Oyun anlayisinda fark cok fazla olmasa da mutlaka olmasi gerekli. Bu degisimi yapmazsaniz rakibin geride 11 kisi bekledigini, sizin 10 kisi kendi yari alaninizda oldugunuz ve orta sahanin bombos oldugu bir goruntu ortaya cikabiliyor.
Takimin preste pasif kalmasi cok sorun olmamali. Rakip tehlike yaratiyor gibi gorunebilir ancak buna hazirlikli oldugunuzu bilerek oynamaniz, o yediginiz baskinin bir kontra ile sonuclanabilecegini dusunmeniz gerekli. Eger surekli baski yiyorum, biraz daha fazla pres yapayim derseniz bu sefer hucuma hic cikamama gibi bir sorun ortaya cikiyor. Halbuki rakibin bu baskisinin sizin istediginiz bir sey oldugunu unutmamak gerekli.
Pas konusunda cok degisiklik taraftari degilim. Kontra oyunda zaten savunmacilar daha uzun paslarla, orta sahalar kisa/karisik paslarla, hucumcular kisa paslarla oynayacaktir (ofansif oyunda ise savunmacilar kisa paslarla, orta sahalar karisik/direkt paslarla, hucumcular direkt paslarla oynayacaktir - zaten bu yuzden hucum oyun anlayisi ile topa sahip olarak oynamak pek mumkun degil cunku orta saha ve hucum oyunculari surekli ileriyi dusunuyor). Ayrica Atletico'da Koke'yi playmaker olarak oynatinca, zaten o kendiliginden daha riskli paslar deneyecektir. Ayni sey Kenar Orta saha oynayan oyuncu icin de gecerli.

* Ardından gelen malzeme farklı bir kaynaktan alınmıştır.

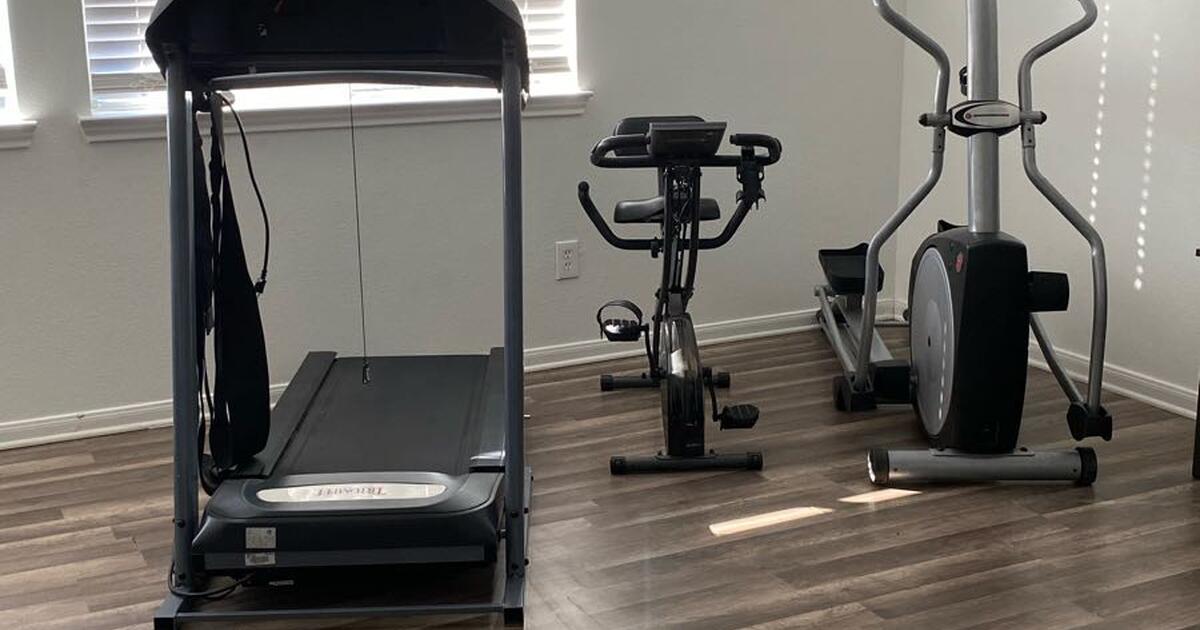 Treadmill, elipiticle, bike 600 for all for 600 in Katy, TX For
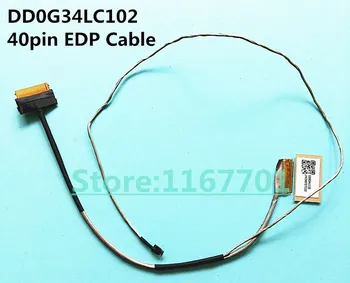 Laptop/Notebook LCD/LED/LVDS Display cable for HP 15-AU 15-AU156tx 15-AU165tx 15-AU150tx AU034TX AU040TX DD0G34LC102 40pin EDP
Laptop/Notebook LCD/LED/LVDS Display cable for HP 15-AU 15-AU156tx 15-AU165tx 15-AU150tx AU034TX AU040TX DD0G34LC102 40pin EDP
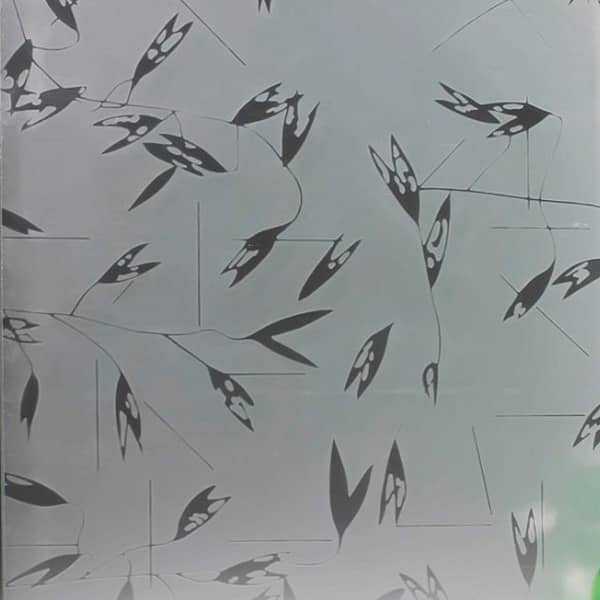 Фото стекло Плавни бесцветное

Dizilislerde genel olarak eger kontra veya defansif bir oyun anlayisi benimsiyorsaniz, DM ve MR/ML kullanmak daha dogru. Eger hucum oynuyorsaniz MC ve AMR/AML. AMR ve AML'nin, MR ve ML'den farki presi daha onde baslatmasi ve savunmaya daha gec geri donmesi veya donmemesi.

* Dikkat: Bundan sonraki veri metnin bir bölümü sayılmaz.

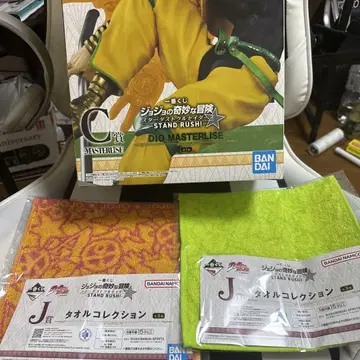제일복권 죠죠 스타더스트 크루세이더즈 C상 J상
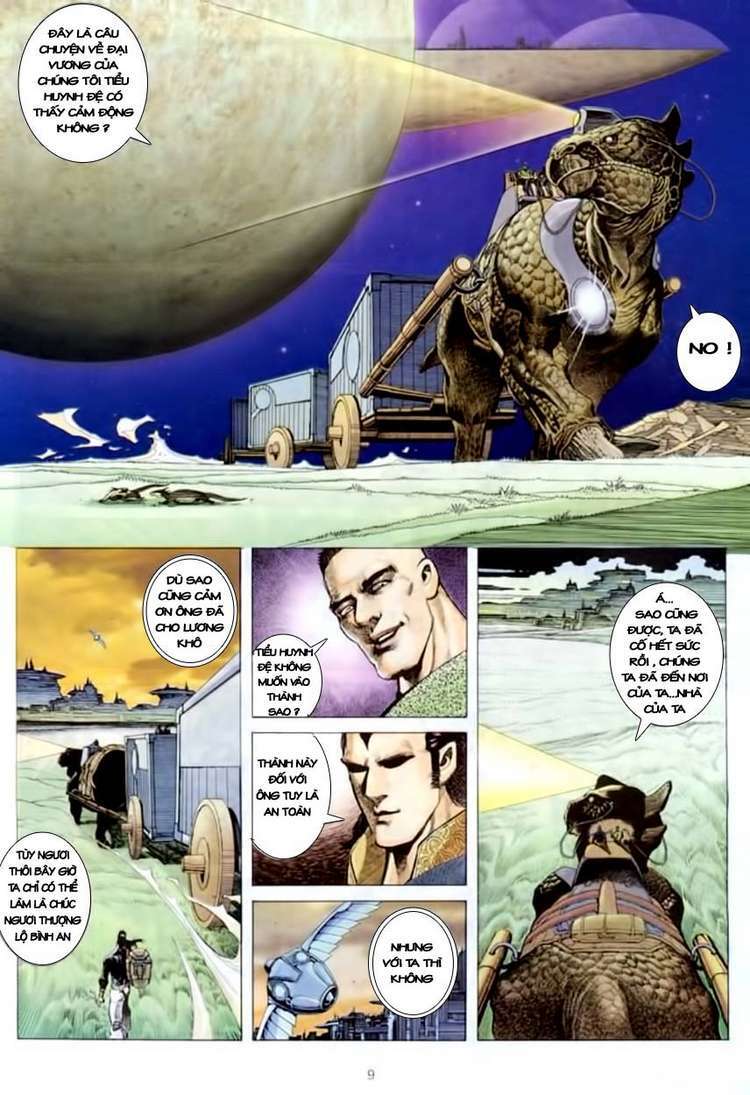 Võ Thần: Chapter 142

Atletico cok bariz bir 442 oynuyor bence. Top rakipteyken savunma ve orta saha 4-4 olarak diziliyor ve forvetlerden bir tanesi geriye gelerek destek veriyor (bu nedenle Torres'e defansif forvet/savun) digeri ise pas almak icin yakin oynuyor ama bos alan kovaliyor (bu nedenle sahte 9). Her iki merkez orta sahaya savun gorevi verdiginde, dizilisteki DM eksikligi cok sorun olmayacaktir.